Best practice

I wan to parse logfile(which is at client side) and and display content to kibana(which is hosted in offshore).
I am planning to use logstash at client side and elastic search and kibana both locally.
I had heard about filebeat also.
I want to know,

  1. whether I should use filebeat at client side and logstash, elasticsearch, kibana locally? or
  2. logstash at client side and elasticsearch and kibana locally? or
  3. can I use only filebeat, elasticsearch and kibana and exclude logstash?
    can I write grok filter and ruby function in filebeat and push data to directly elasticsearch? or
    I should use filebeat only to read the file and logstash for parsing the data(grok and ruby)?

What is the best practice to implement this?

If you want to use grok filters and ruby functions you will need to use logstash, filebeat do not parse the data, you also do not need filebeat to read a logfile if you are able to install logstash in the client machine.

By offshore do you mean something like an Oil Rig? Dont forget to pay attention to your link bandwith and the volume of data that you are sending, using logstash with an output to elasticsearch you can enable the http compression which helps a lot.

I have a similar use case where I send logs to a logstash instance on my local infrastructure, parse the data with some grok filters and then output the result to an elasticsearch instance in a cloud service, I do that mostly to save bandwith between my local infrastructure and the cloud service.

In your example I would use elasticsearch and kibana in your offshore host and logstash to read the logs in your client side.

1 Like

Thank you Leandro for your answer!
But this is 24*7 running application log and it will have so much data to parse and send from client side to local(offshore) system every second.
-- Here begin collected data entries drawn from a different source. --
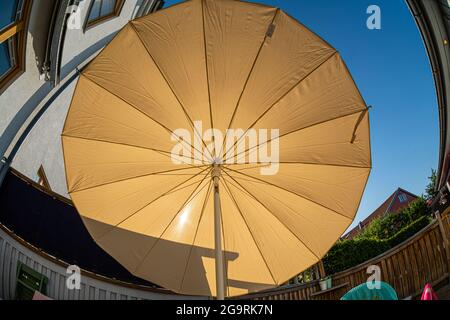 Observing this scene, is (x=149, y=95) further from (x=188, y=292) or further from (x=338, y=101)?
(x=188, y=292)

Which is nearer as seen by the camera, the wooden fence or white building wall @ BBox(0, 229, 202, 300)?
white building wall @ BBox(0, 229, 202, 300)

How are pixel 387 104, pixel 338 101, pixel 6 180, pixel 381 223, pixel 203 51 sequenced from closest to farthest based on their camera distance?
pixel 203 51 < pixel 338 101 < pixel 6 180 < pixel 387 104 < pixel 381 223

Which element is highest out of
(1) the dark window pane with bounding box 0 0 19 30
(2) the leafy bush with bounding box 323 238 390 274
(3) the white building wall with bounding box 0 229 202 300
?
(1) the dark window pane with bounding box 0 0 19 30

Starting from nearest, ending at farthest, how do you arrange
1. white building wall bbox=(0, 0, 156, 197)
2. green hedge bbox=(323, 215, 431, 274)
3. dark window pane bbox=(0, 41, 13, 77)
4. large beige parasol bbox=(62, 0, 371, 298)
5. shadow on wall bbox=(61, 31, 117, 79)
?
1. large beige parasol bbox=(62, 0, 371, 298)
2. dark window pane bbox=(0, 41, 13, 77)
3. white building wall bbox=(0, 0, 156, 197)
4. shadow on wall bbox=(61, 31, 117, 79)
5. green hedge bbox=(323, 215, 431, 274)

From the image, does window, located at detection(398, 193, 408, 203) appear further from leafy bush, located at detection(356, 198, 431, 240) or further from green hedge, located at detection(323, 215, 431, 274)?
green hedge, located at detection(323, 215, 431, 274)

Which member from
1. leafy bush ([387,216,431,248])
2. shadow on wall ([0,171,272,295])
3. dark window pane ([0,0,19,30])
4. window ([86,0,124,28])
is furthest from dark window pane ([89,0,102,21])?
leafy bush ([387,216,431,248])

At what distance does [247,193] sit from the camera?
15.2 feet

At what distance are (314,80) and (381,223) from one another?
2205 cm

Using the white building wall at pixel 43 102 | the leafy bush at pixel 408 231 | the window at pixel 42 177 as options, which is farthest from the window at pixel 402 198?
the window at pixel 42 177

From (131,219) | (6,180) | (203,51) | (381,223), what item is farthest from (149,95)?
(381,223)

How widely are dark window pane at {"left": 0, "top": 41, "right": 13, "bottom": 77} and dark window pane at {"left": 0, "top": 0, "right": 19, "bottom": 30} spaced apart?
18.0 inches

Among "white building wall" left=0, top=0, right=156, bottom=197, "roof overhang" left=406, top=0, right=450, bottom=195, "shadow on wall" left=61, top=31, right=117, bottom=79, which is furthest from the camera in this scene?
"roof overhang" left=406, top=0, right=450, bottom=195

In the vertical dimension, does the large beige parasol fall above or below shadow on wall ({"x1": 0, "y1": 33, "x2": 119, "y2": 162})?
below

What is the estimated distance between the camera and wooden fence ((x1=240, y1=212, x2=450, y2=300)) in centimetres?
754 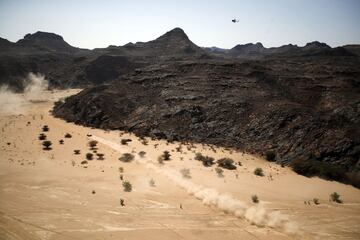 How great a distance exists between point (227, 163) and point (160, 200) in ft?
26.4

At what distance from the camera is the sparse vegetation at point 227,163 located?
889 inches

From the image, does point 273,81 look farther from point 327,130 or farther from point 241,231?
point 241,231

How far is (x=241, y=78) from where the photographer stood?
4225 cm

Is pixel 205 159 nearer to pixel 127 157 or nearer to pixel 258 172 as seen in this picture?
pixel 258 172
And we might not get access to client directory after fresh installation and setup is once done to update config file in the future.
In this case, is there any tool which only will read the log data from client side and send it to logstash and then logstash manipulation can be done in local system so that we can customize everything including grok filters.

Well, in this case you can use Filebeat to read the log and send the data to logstash and then parse the data before sending to Elasticsearch.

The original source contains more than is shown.